Cleese leads tributes to Fawlty Towers actor Andrew Sachs
John Cleese has led tributes to the "wonderful" Andrew Sachs, the actor best known for starring as Spanish waiter Manuel in Fawlty Towers.
Sachs was buried on Thursday at 86 after battling vascular dementia for four years.
The German-born performer died at a care home on November 23.
Cleese, 77, the co-creator of the 1970s sitcom, told Radio 4's Today programme he was in "a little bit of shock" by the news as he paid tribute to the "wonderful" actor, who he said perfectly portrayed the hapless Manuel.
He said acting with Sachs was "like playing tennis with someone who is exactly as good as you are".
"Sometimes he wins and sometimes you win but somehow there's a rapport and it comes from the very deepest part of ourselves.
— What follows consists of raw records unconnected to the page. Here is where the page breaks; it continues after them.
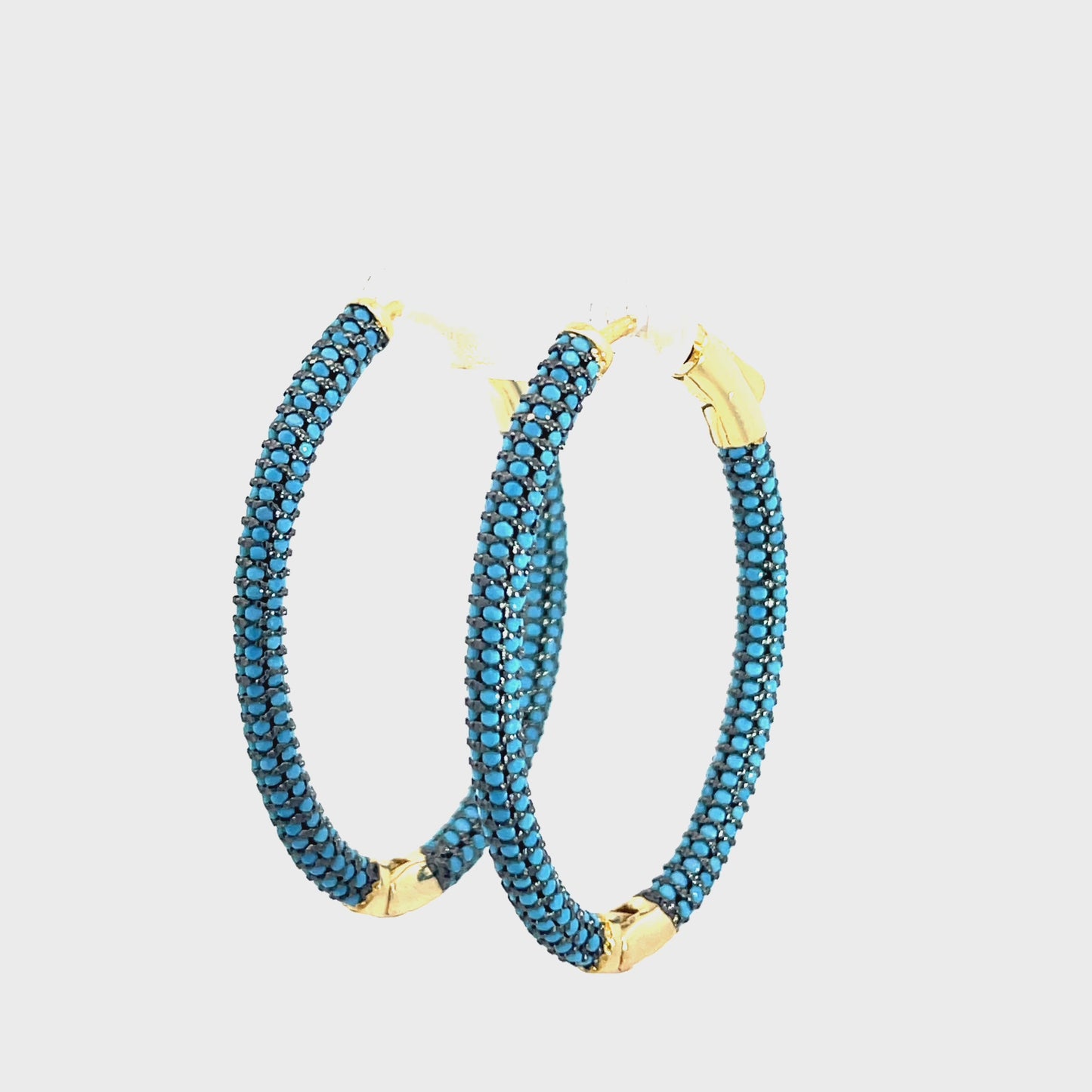 Load and play video in Gallery viewer, Blue Crystal Oval Brass Hoops
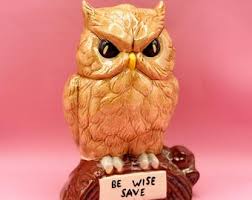 1970s Ceramic Owl Piggy Bank: Retro Coin Bank, Mid Century Decor - Etsy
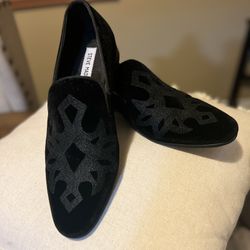 Steve Madden Black Velvet Men Shoes
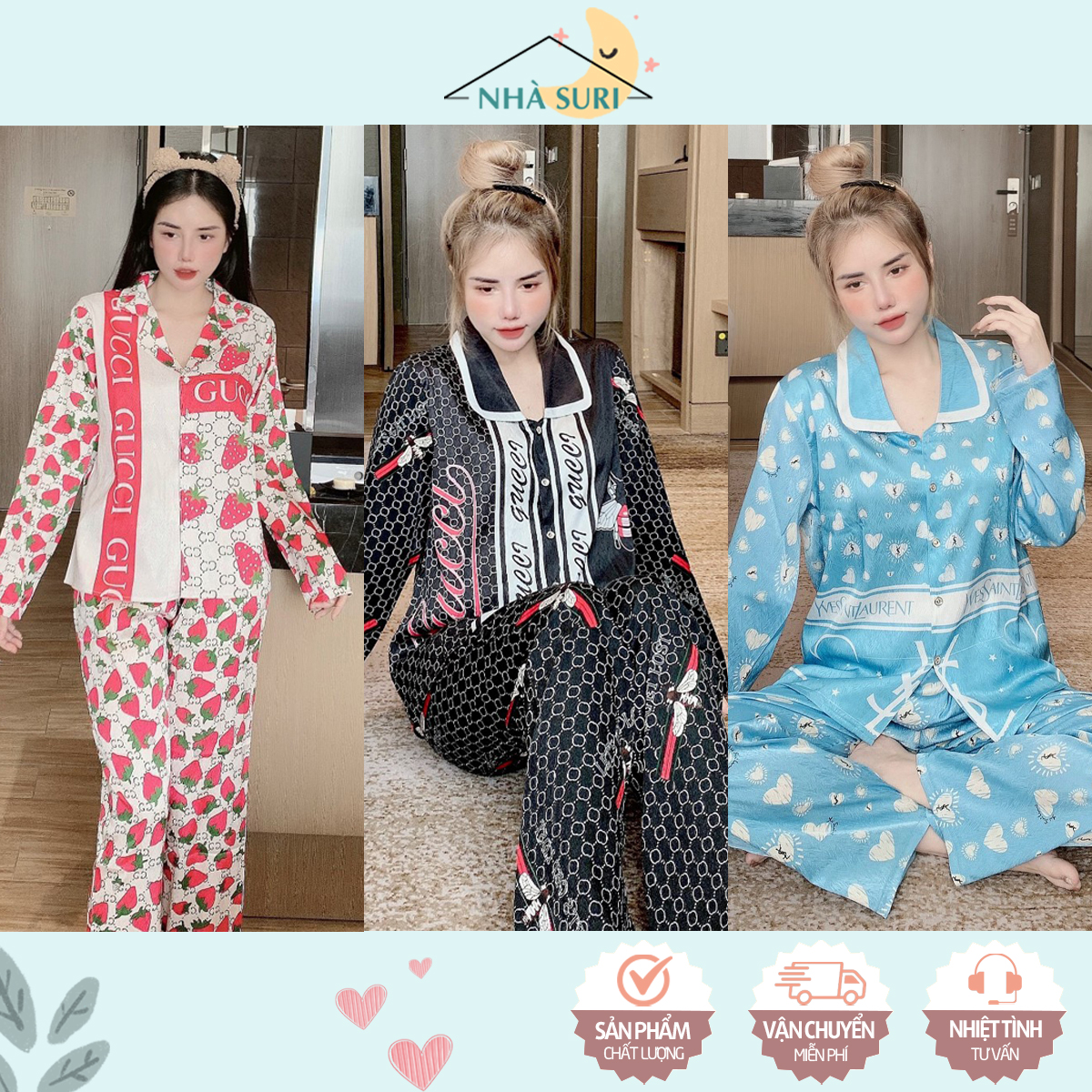 Đồ bộ ngủ nữ pijama mặc nhà lụa xước Nhà Suri, set pizama tay dài vải đẹp thoáng mát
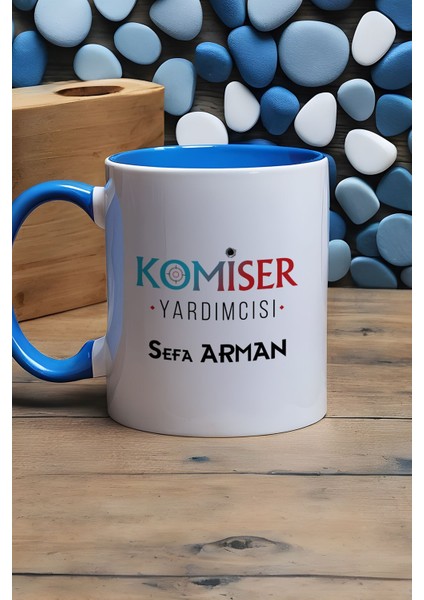 Kişiye Özel Komiser Yardımcısı Kupa Bardak Mavi Polisler Günü Hediyesi modelleri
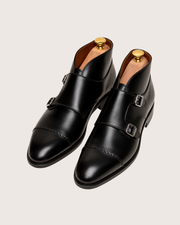 Black monkstrap boots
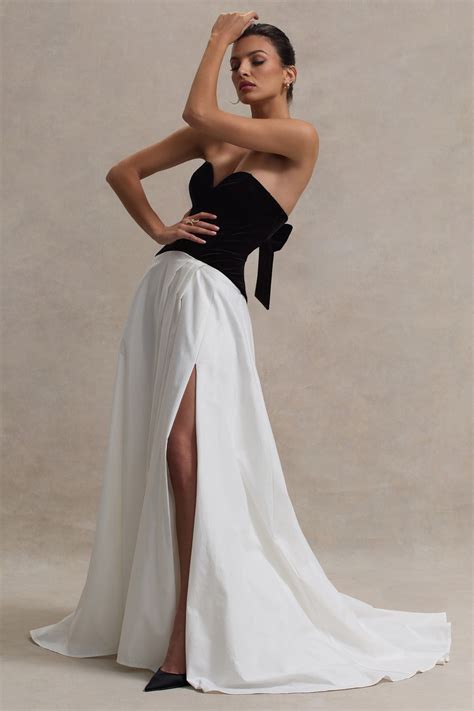 Lucienne Black & Cream Sweetheart Corset Split Maxi Dress – Club L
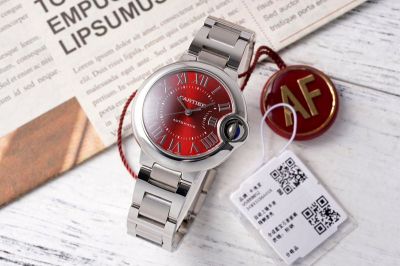 Ballon Bleu de Cartier 33*10MM 316L Steel NH05 Movement Red Dial Watch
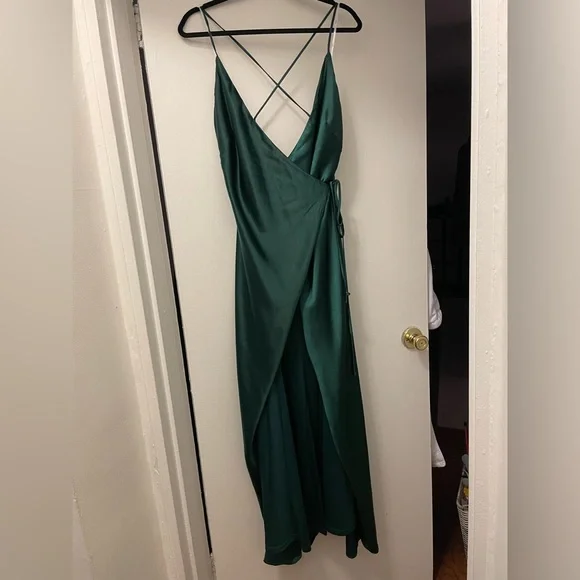 green emerald velvet dress Mismatched Dark-Green Sexy Side Slit Mermaid Soft Satin Long Bridesmai main image 1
You can work on it, but in our case we never had to work on it, it all happened so easily."
Cleese added that Sachs "turned into a completely different human being" when wearing his familiar Manuel moustache.
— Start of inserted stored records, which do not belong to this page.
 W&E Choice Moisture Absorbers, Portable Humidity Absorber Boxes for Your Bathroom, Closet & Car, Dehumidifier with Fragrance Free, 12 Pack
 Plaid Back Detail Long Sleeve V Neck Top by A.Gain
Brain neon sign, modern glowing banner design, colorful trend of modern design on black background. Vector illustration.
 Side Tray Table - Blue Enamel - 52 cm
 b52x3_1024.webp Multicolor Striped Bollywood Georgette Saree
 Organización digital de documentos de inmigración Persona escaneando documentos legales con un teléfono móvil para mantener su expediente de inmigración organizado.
Asked of his favourite scene with Sachs in Fawlty Towers, Cleese told Today it had been The Kipper and the Corpse - episode four of the second series of the hit comedy.
"I think that was some of our very best physical comedy and working out all that stuff like getting the body into the basket and getting it out again I think that was so much fun.
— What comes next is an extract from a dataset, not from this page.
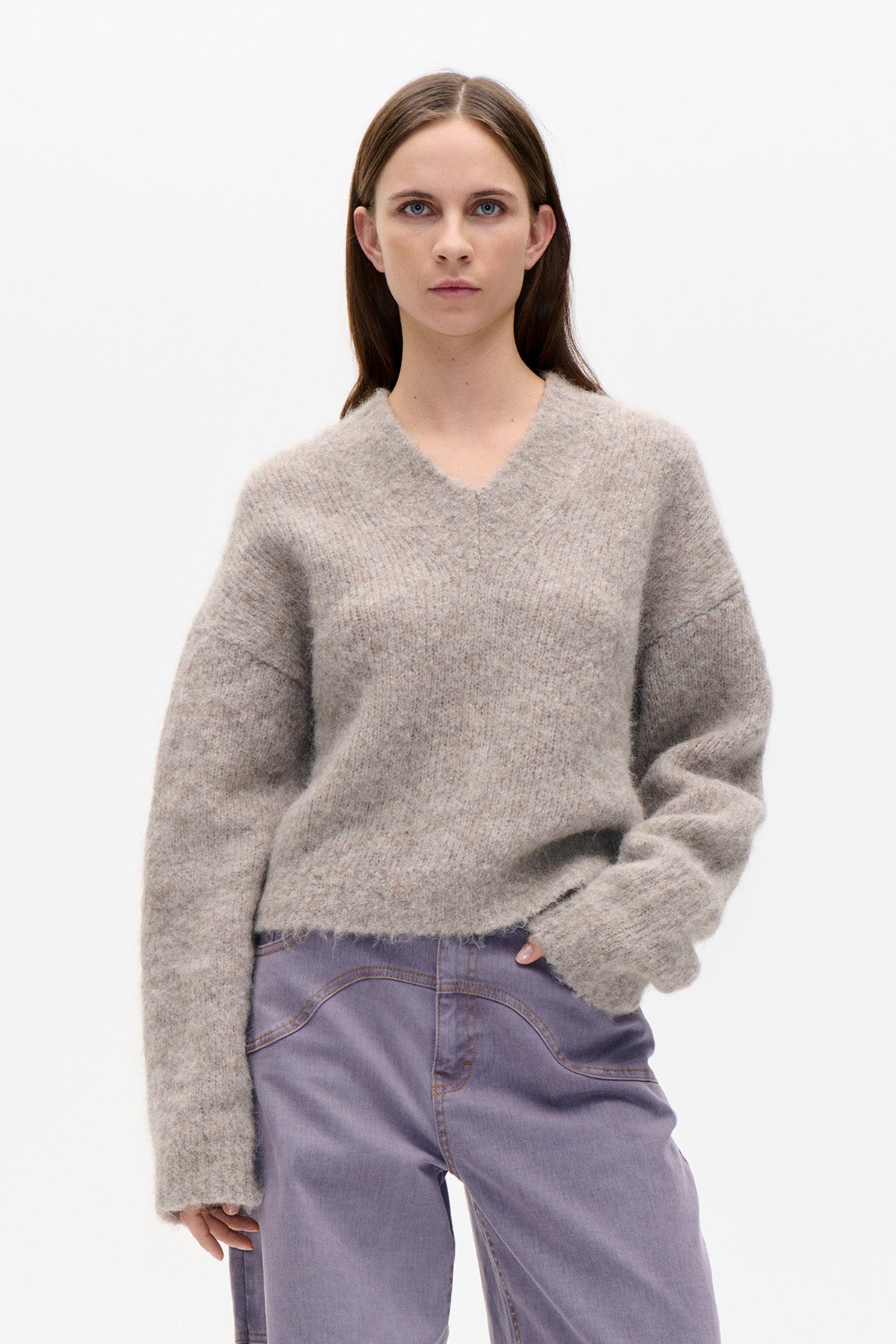 Front view of a model wearing a fuzzy taupe V-neck sweater with long sleeves and lavender trousers.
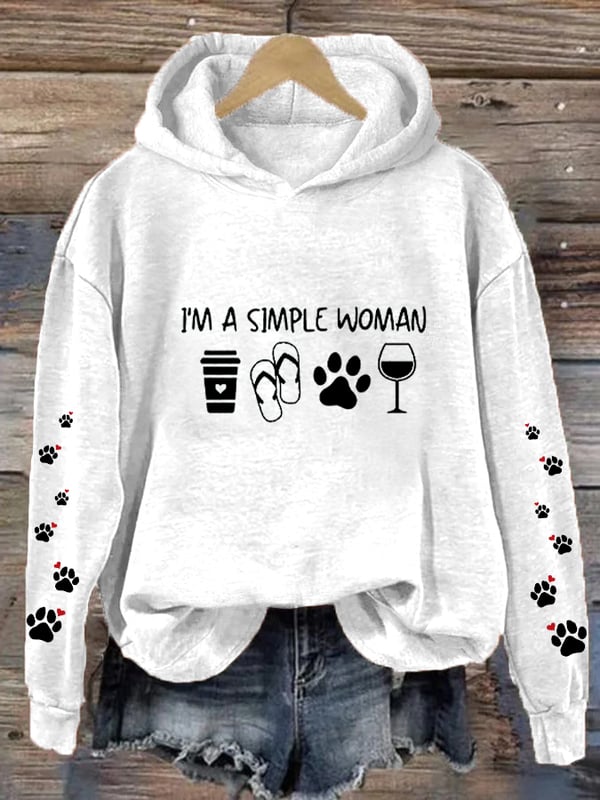 Women's I'm A Simple Woman Dog Lover Print Hoodie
"Occasionally you come across someone who loves physical comedy and although he was such a quiet demeanour, Andy absolutely loved it.
"He was wonderful."
Cleese said he last saw Sachs "eight or nine months ago" when they were being photographed together.
He said he realised then he "wasn't totally present" but added the news of his death was "a little bit of a shock".
"Although I knew his memory was not so good, despite that he was very special."
Earlier the actor had posted on Twitter: "Just heard about Andy Sachs. Very sad ... I knew he was having problems with his memory as his wife Melody told me a couple of years ago.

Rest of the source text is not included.